DATA EXTRACTS:
-*-
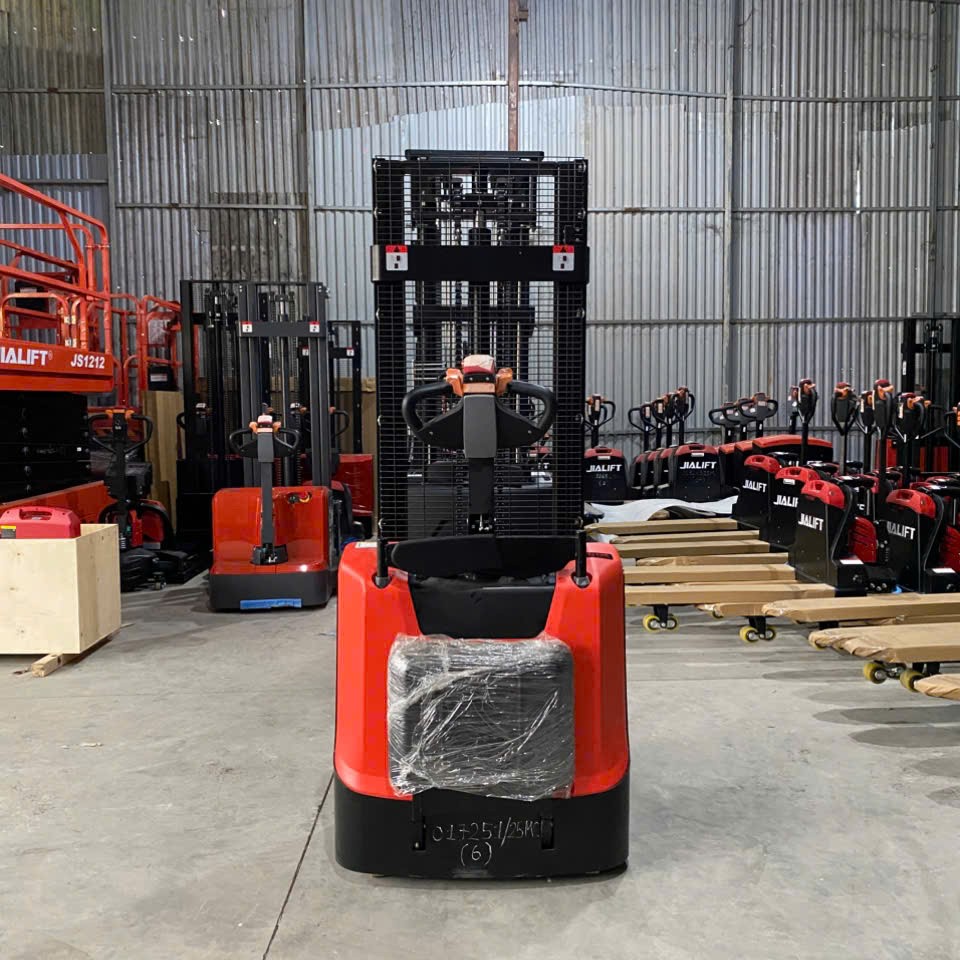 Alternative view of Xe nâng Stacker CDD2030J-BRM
-*-
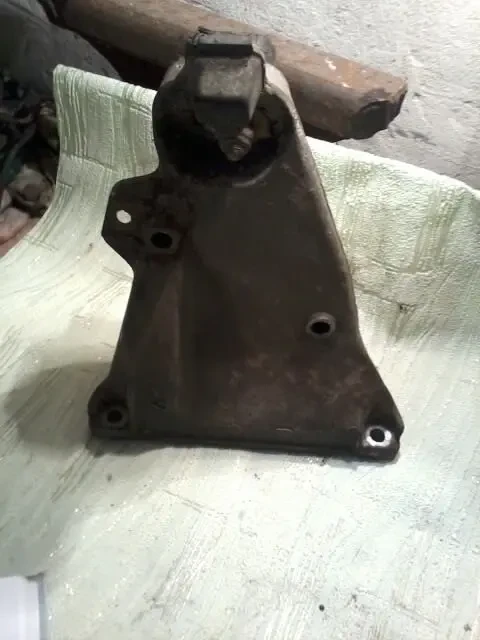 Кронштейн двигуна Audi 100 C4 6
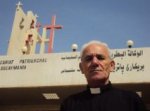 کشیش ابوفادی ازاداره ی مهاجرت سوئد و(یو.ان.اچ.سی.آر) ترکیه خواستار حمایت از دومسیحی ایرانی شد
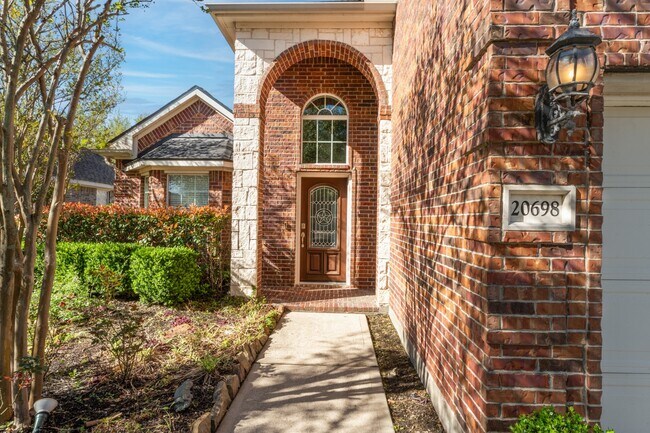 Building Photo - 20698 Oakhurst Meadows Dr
-*-
PROBLEM DETAILS:
From the data above, return only the lines starting at the line that holds "Кронштейн двигуна Audi 100 C4 6" and ending at the line that holds "Building Photo - 20698 Oakhurst Meadows Dr", word for word and without pictures.

ANSWER TO THIS TASK:
 Кронштейн двигуна Audi 100 C4 6
 کشیش ابوفادی ازاداره ی مهاجرت سوئد و(یو.ان.اچ.سی.آر) ترکیه خواستار حمایت از دومسیحی ایرانی شد
 Building Photo - 20698 Oakhurst Meadows Dr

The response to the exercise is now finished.